Philosophy: University of Wales, Cardiff 1996
This thesis is mainly interested in the relationship between the instruments
of value and methods to promote them envisaged in liberal freedom and green
moral and political theories.
Liberalism is explored. Neither neutrality, nor individualism, nor privacy can fully account for liberalism. Freedom is of much more importance to liberalism.
Social freedom is analysed. MacCallum's triadic formulation is refined, adding the factor of a description of the constrainer. This 'tetradic' formulation aids distinguishing impossibilities from unfreedoms.
Quantification of freedom is explored. Act-type approaches are shown to be unhelpful, and freedom not to be a zero-sum game. For freedom quantity and value are closely bound, with value largely determined by the value of the aim. The natures of more radical 'Green' moral and political theories are explored. The exclusion of animals from the moral sphere is seen to be unsustainable. The meaning and moral value of nature, species, ecosystems, and plants are clarified. Leopold's 'land ethic' is criticised.

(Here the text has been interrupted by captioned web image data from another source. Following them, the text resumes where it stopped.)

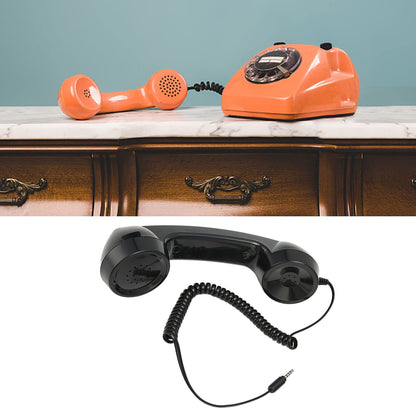 3.5mm Retro Telephone Handset, Cell Phone Handset, Cell Phone Receiver Microphone Speaker, for Smartphones and Computers with 3.5mm Headphone Jack (Black)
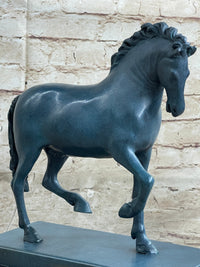 Hot Cast Bronze Chinese Tang Horse Green Blue Patina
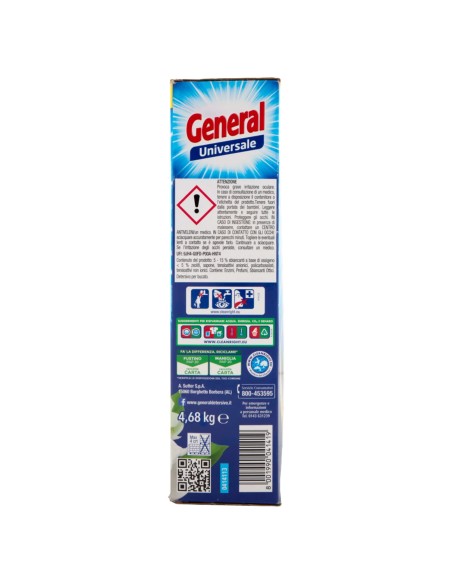 general detersivo lavatrice in polvere 104 misurini 4.68kg - 5in1 universale: tuttocasashop.it: prodotti per bucato e tessuti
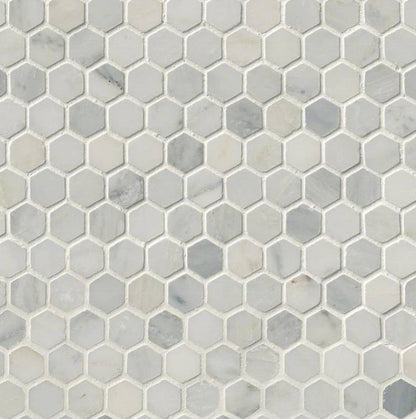 Arabescato Carrara 1” Hexagon Mosaic Tile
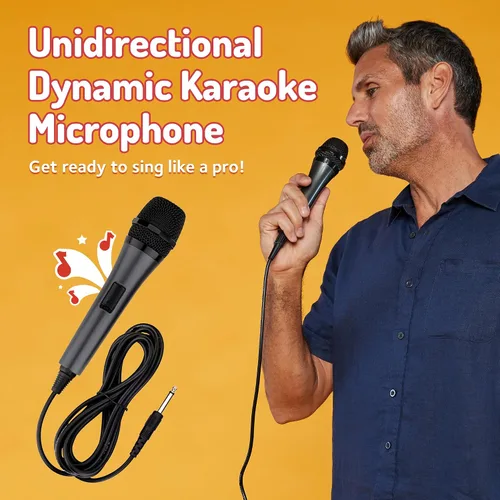 Vista 2 de [Usado] Singing Machine Micrófono con cable para karaoke (negro) - Micrófono vocal dinámico unidireccional - Micrófono enchufable para máquina
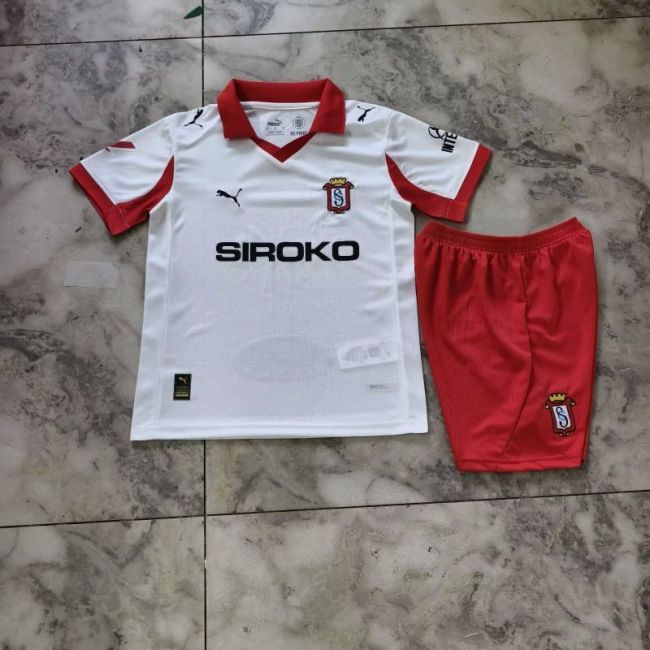 with LALIGA Patch Youth Uniform Kids Kit 2025-2026 Sporting Gijon Third Away White Soccer Jersey Shorts Child Football Set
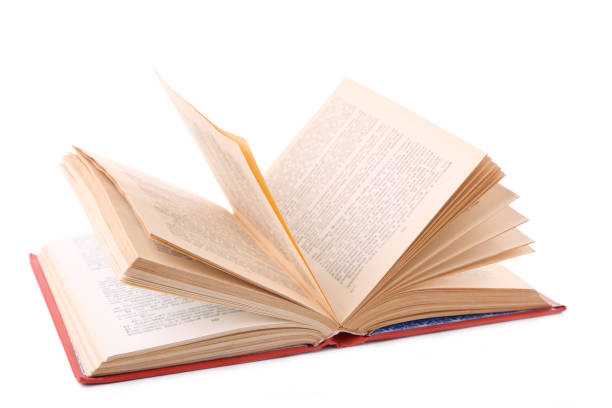 istock Open book isolated on white background, close up 1076595690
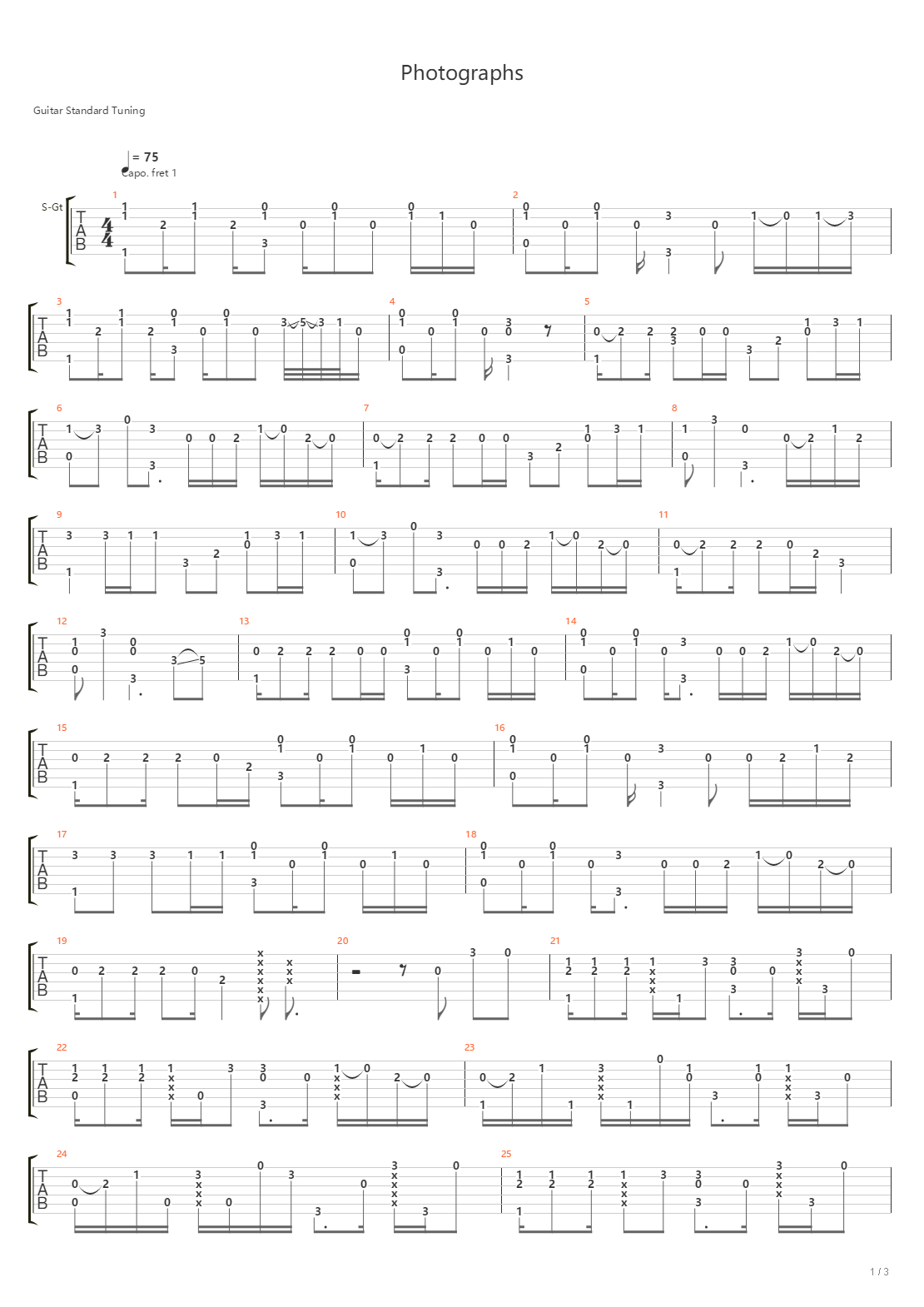 Photographs吉他谱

Non-violence is shown to be integral to any real comprehensive and truly 'Green' radical theory.
The nature of environmental direct action, as practised by groups like Earth First!, is explored. Relevant sections of the Criminal Justice and Public Order Act 1994 are clarified. Traditional 'political obligation' theories justifying civil disobedience are found to be unhelpful in environmental cases. Seven criteria for identifying disobedience that should be tolerated are advocated, and applied to Islamic 'fundamentalist' disobedience, 'Outing' of homosexuals, and disability protests.
Freedom of the sorts enabled by private transport is shown to be achievable by other means more compatible with greenness.
The morality of markets and businesses is explored. There could be great scope for regulation, which could promote greenness, without restricting freedom.
This thesis suggests there is probably not a necessary conflict between liberal freedom and plausible green moral and political theories.